Neoadjuvant therapyData for the use of neoadjuvant chemotherapy prior to radical cystectomy in urothelial carcinoma of the bladder are robust: the Advanced Bladder Cancer meta-analysis collaboration, in a meta-analysis of 11 trials with 3,005 patients, demonstrated a significant survival benefit to the use of neoadjuvant platinum-based combination chemotherapy as compared to upfront surgery (hazard ratio 0.86, 95% confidence interval 0.77 to 0.95). In absolute terms, this corresponds to a 5% absolute survival at 5 years.5
In contrast, there is extremely limited data regarding the use of neoadjuvant chemotherapy in patients with upper tract urothelial carcinoma. No institution has published data on more than 50 patients who received neoadjuvant chemotherapy prior to nephroureterectomy. In two publications, the MD Anderson Cancer Center group has reported on their experience. Matin et al. reported on 43 patients with biopsy-proven high-grade upper tract urothelial carcinoma who underwent neoadjuvant chemotherapy prior to nephroureterectomy.6 They demonstrated a 14% pathologic complete response rate in this cohort. Additionally, when compared to historical controls, there was an increased likelihood of downstage (p=0.004): pT2 disease was found in 49% compared with 65% in controls and pT3 disease was found in 28% compared with 48%. In a more recent analysis, Porten et al. provided a retrospective review of 31 patients who underwent neoadjuvant chemotherapy prior to nephroureterectomy compared to 81 historical controls who received initial surgery for high-risk upper tract urothelial carcinoma.7 They demonstrated that patients receiving neoadjuvant chemotherapy had improved five year overall survival (80% versus 58%, p=0.02) and five year disease-specific survival (90% versus 58%, p=0.002). After adjusting for relevant patient, treatment and tumor characteristics, the risk of overall mortality (hazard ratio 0.42, p=0.035) and disease-specific mortality (hazard ratio 0.19, p=0.006) were significantly lower among patients who received neoadjuvant therapy.
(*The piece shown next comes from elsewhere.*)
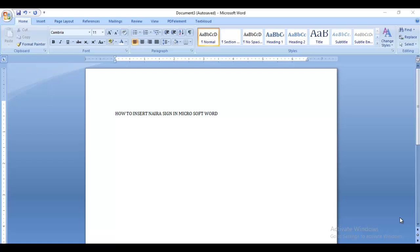Hello guys, in this video I'm going to show you how to insert the naira sign in Microsoft Word. We know that by default the Windows keyboard doesn't have the naira sign - they have dollars and other currency. So how do you insert the naira sign? That's what I'm going to show you right now.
More recently, Kubota and colleagues reported a multi-institutional analysis of 101 patients with high-risk upper tract urothelial carcinoma (stage cT3-4 or cN+) who received neoadjuvant chemotherapy prior to nephroureterectomy at 5 medical centers in Japan and compared these to 133 patients who received surgery alone.8 Most patients who received neoadjuvant chemotherapy in this cohort were given gemcitabine and carboplatin (75%) while a minority received gemcitabine and cisplatin (21%). The authors found that while neoadjuvant chemotherapy increased pathological downstaging and was independently predictive of improved recurrence-free survival and cancer-specific survival, they were unable to demonstrate improvements in overall survival.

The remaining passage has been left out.